Little Kings at Lake St. Clair Starring Golden-crowned Kinglet

[Lake St. Clair, Fall 2015]

For most of mankind's history, oppression has, not infrequently, stemmed from the institutions of the monarchy (and their partners in the clergy). For this reason, man's struggle for a more equitable way of life has inspired popular revolutions in the US, France, Russia and elsewhere to overthrow the autocratic rule of kings, emperors and tsars. 

Yet while royalty has been largely abolished in today's world, their namesakes live on in the Aves -- witness species such as kingbirds, emperors, and kinglets (and their partners in the clergy-inspired Bishops, Prothonotaries, and Cardinals!). 

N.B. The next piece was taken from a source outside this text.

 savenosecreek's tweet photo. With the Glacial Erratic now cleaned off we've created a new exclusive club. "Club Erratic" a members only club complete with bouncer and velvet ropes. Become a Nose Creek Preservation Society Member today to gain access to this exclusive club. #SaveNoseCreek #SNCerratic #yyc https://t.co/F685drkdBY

And, while the US is firmly established as a Republic since the late 1700's, we still have two "little kings" that rule our forests across the country year-round. In this post, we will review these "royal" kinglets as well as some "commoner" species found in the woods of Lake St. Clair Metropark:

  1. Golden-crowned Kinglet
  2. Ruby-crowned Kinglet
  3. Hermit Thrush
  4. Swainson's Thrush
  5. Veery
  6. Eastern Wood Pewee
  7. Brown Creeper
  8. Ruby-throated Hummingbird
  9. White-throated Sparrow
  10. Baltimore Oriole
  11. American Goldfinch
  12. Carolina Wren
  13. White-breasted Nuthatch
  14. Swamp Sparrow
We start with Golden-crowned Kinglet:

Golden-crowned Kinglet has a huge range in the US -- breeding in the Northeast and the Northwest and wintering pretty much throughout the country excepting Florida.

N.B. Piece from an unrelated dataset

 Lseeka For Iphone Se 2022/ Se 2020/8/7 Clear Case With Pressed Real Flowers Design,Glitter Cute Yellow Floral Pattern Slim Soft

Disambiguation with the Ruby-crowned Kinglet is fairly straightforward even when the crown isn't visible -- note the black whiskers and white supercilium on the Golden-crowned compared to the oval eye-ring and plainer appearance of the Ruby-crowned:

Every year at the "Warbler Mecca" that is Magee Marsh -- these kinglets cause immense confusion in beginning (or perfunctory) birders when these songbirds are seen with the similarly sized warblers flitting through the branches.

And now for the "commoner" species --

Hermit Thrush -- frequently seen at this venue in migration:

Swainson's Thrush -- note the buffy spectacles:

The very delightful Veery:

Eastern Wood Pewee:

Brown Creeper -- described as "animated bark":

Ruby-throated Hummingbird:

White-throated Sparrow:

Baltimore Oriole:

American Goldfinch:

Carolina Wren -- while this wren is common to abundant in SW Florida, in Michigan it is quite uncommon at this venue:

White-breasted Nuthatch -- a year-round species here:

Swamp Sparrow:

Both species of "little kings" are seen in migration at Lake St. Clair -- and, these distinctive kinglets remind us that their feathered crowns are symbolic of nothing more than evolutionary traits in their propagation; and, not a mark of inequality as so often has been the case in man's history.

1 comment:

Bob Pelkey said...

You've reminded me of the thrill in observing kinglets in the Florida Panhandle last year. Enjoyed this post very much.